Appeal from the Superior Court of Cook County; the Hon. SAMUEL
B. EPSTEIN, Judge, presiding. Order affirmed.
MR. JUSTICE BURKE DELIVERED THE OPINION OF THE COURT.
Russell T. Mueller filed a complaint in equity to require George M. Sloan to execute a lease, for directions to a trustee and liquidation of the assets of a trust. Each of the individuals owned 50% of the stock of Styline Homes, Inc. In a counterclaim Sloan sought appointment of a receiver, dissolution, liquidation and the sale of the assets of the corporation under Sec 86 of the Business Corporation Act. At Sloan's request Harold F. Tolkuehn was appointed Liquidating Receiver for the corporation pursuant to that Act. The court authorized the receiver to employ Mural J. Winstin as his attorney in the proceedings. A decree that determined the rights of the parties also found that certain real estate constituted the corporation's sole assets. The realty was sold at public auction and the proceeds distributed between the stockholders. The receiver was allowed a fee of $1,500 and his counsel a fee of $3,600. In appealing Sloan maintains that the fees allowed the receiver and his counsel are excessive.

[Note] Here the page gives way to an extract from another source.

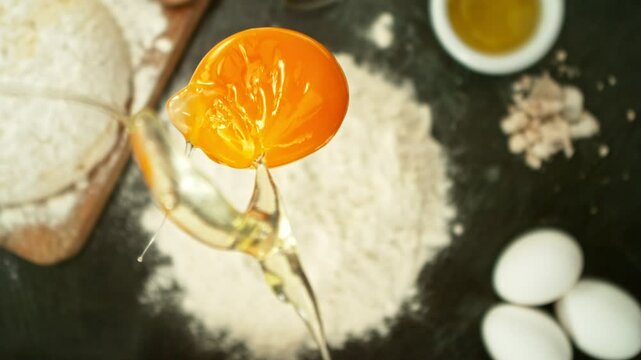 Super Slow Motion of Falling Raw Egg into Flour. Filmed on High Speed Cinema Camera, 1000fps, Placed on High Speed Cine Bot. Camera in Motion, Following Objects. Cooking Concept.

Mr. Winstin produced a time schedule showing 75 hours devoted to the case and an estimated 15 hours required to complete his duties therein, a total of 90 hours. The receiver and his attorney testified in support of their request. Their testimony is not contradicted. The amount received by the receiver was $88,400. He conducted a public auction for the sale of two properties realizing $53,750 therefor and completed the sale of one parcel to a contract purchaser. The receiver and his litigation. Sloan compares the receiver's duties to a master conducting a partition sale, and infers that the fees should be allowed on the basis of the statutory fees of a master. At the auction Sloan originally offered $20,000 for a parcel which was later sold and confirmed at $26,250. He offered a like sum for another parcel which was sold and confirmed at $27,500.

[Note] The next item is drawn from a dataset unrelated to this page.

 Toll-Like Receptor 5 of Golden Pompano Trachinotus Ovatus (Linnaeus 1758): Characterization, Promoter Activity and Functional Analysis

The aggregate allowance to the receiver and his counsel amounts to less than 6% of the amount collected. In Goldstein v. Handley, 390 Ill. 118, 60 N.E.2d 851, the court said (125): "The amount to be allowed for attorneys' fees is so far in the discretion of the chancellor that in the absence of a clear abuse of discretion, this court will not interfere." Time being the lawyer's sole expendable asset, the economic worth of his ability, training and experience is determined by the use of the hours available for the practice of his profession. In McKay v. Wilhelm, 316 Ill. App. 397, 45 N.E.2d 194, the court sets forth elements to be considered in determining fees: (1) skill, (2) standing of attorney employed, (3) nature of the controversy, (4) character of questions at issue, (5) amount involved, (6) time bestowed, and (7) results obtained.
The judge who heard and determined the allowance of compensation to the receiver and his counsel has had extensive experience in chancery matters as a Master in Chancery in the Circuit and Federal courts and as a chancellor. He applied the elements outlined in McKay v. Wilhelm. In our opinion the allowance of fees of less than 6% to the receiver and his counsel was not excessive.
Therefore the order is affirmed.
FRIEND, P.J. and BRYANT, J., concur.